(The problem)
Write out the lines below once more, exactly as they appear. Do not include pictures.

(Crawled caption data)
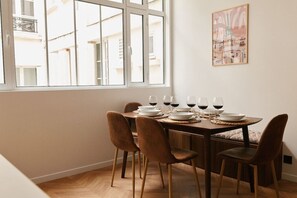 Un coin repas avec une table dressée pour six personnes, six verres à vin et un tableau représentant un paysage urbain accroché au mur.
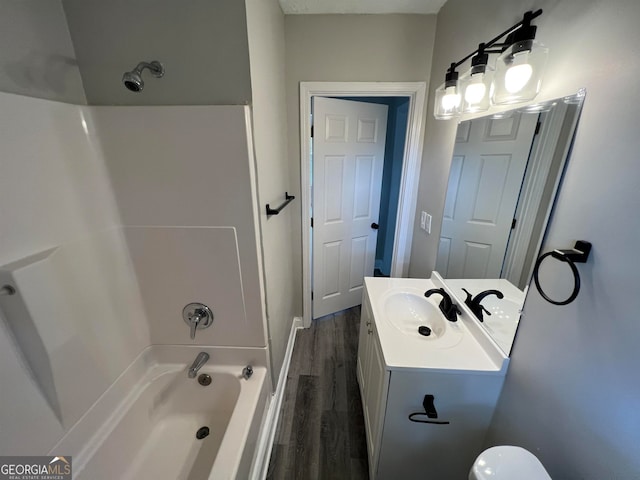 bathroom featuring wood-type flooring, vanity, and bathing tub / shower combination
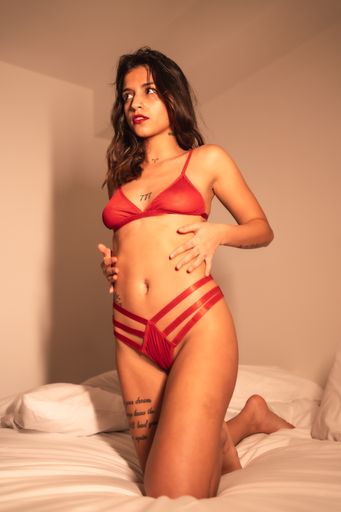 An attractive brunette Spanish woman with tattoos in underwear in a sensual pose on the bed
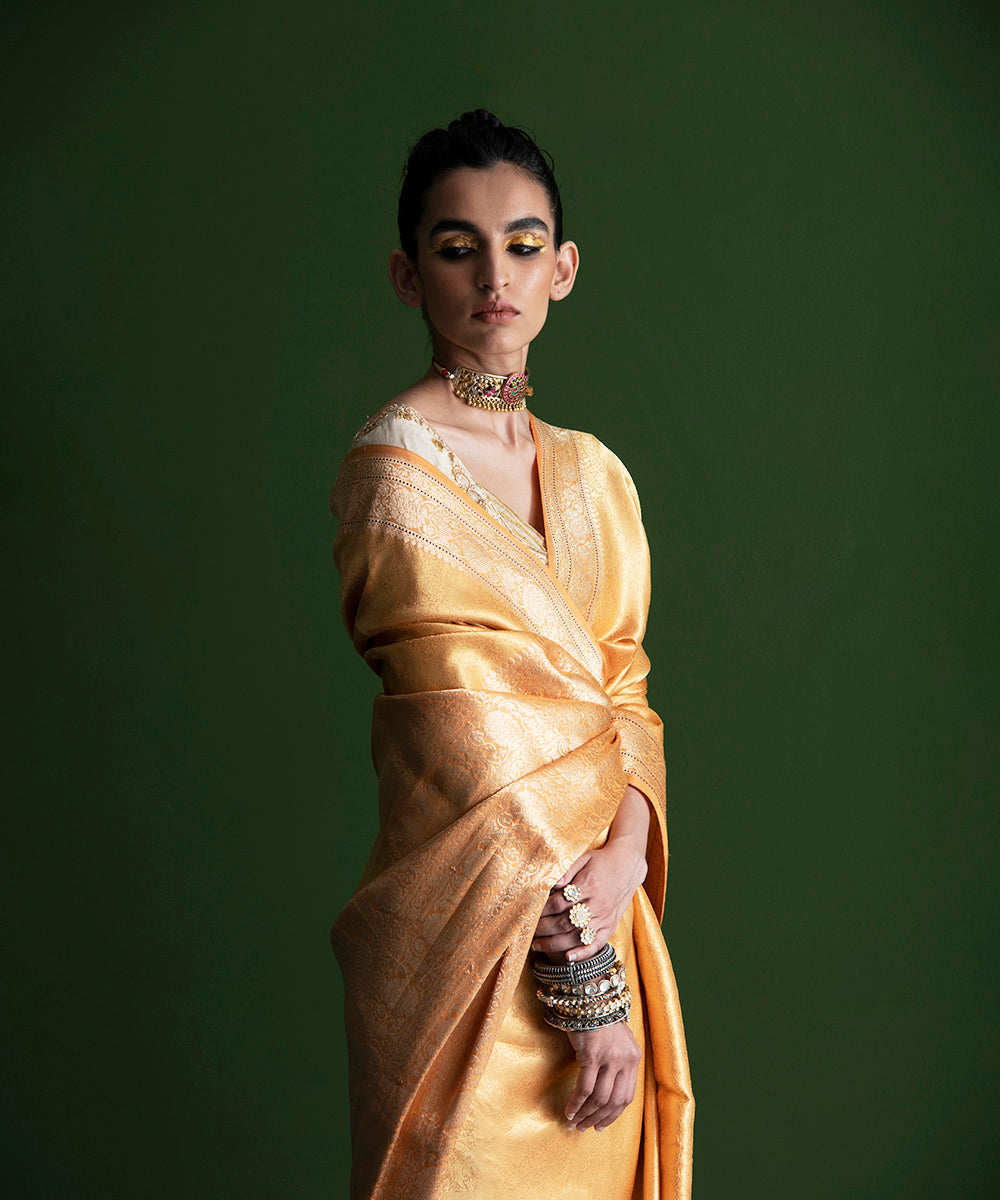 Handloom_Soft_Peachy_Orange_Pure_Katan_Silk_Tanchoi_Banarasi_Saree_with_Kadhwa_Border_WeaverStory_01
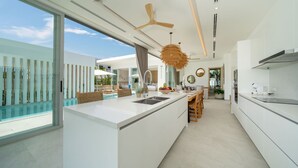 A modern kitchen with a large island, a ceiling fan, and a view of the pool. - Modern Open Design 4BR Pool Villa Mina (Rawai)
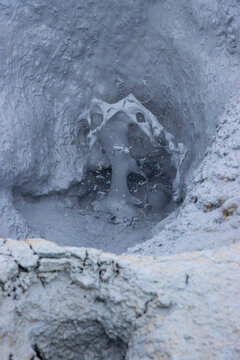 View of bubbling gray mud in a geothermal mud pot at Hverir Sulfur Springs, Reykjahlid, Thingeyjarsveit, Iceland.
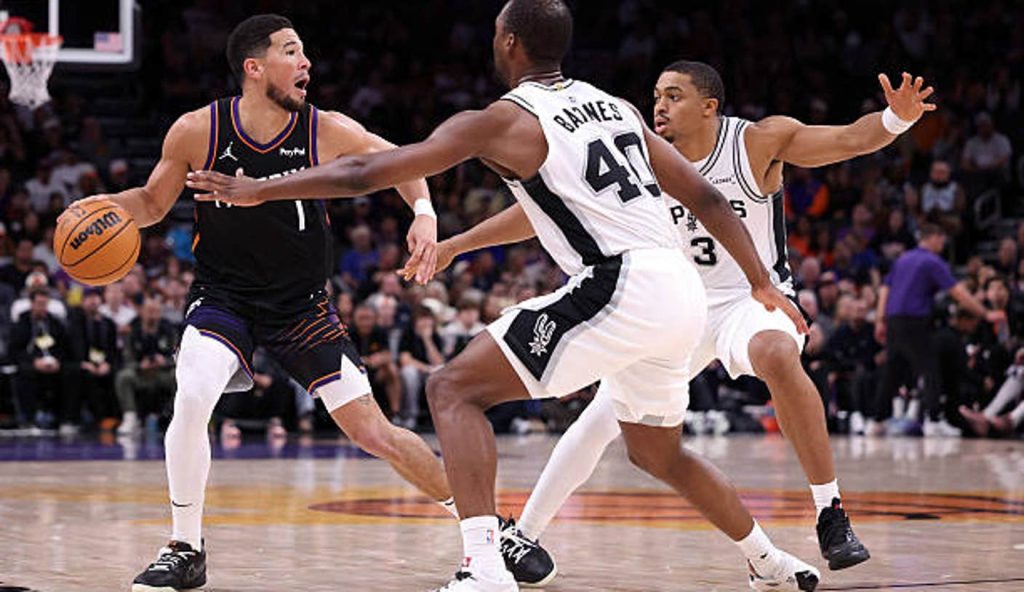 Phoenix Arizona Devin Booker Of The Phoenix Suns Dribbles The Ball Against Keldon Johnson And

(Problem solution)
 Un coin repas avec une table dressée pour six personnes, six verres à vin et un tableau représentant un paysage urbain accroché au mur.
 bathroom featuring wood-type flooring, vanity, and bathing tub / shower combination
 An attractive brunette Spanish woman with tattoos in underwear in a sensual pose on the bed
 Handloom_Soft_Peachy_Orange_Pure_Katan_Silk_Tanchoi_Banarasi_Saree_with_Kadhwa_Border_WeaverStory_01
 A modern kitchen with a large island, a ceiling fan, and a view of the pool. - Modern Open Design 4BR Pool Villa Mina (Rawai)
 View of bubbling gray mud in a geothermal mud pot at Hverir Sulfur Springs, Reykjahlid, Thingeyjarsveit, Iceland.
 Phoenix Arizona Devin Booker Of The Phoenix Suns Dribbles The Ball Against Keldon Johnson And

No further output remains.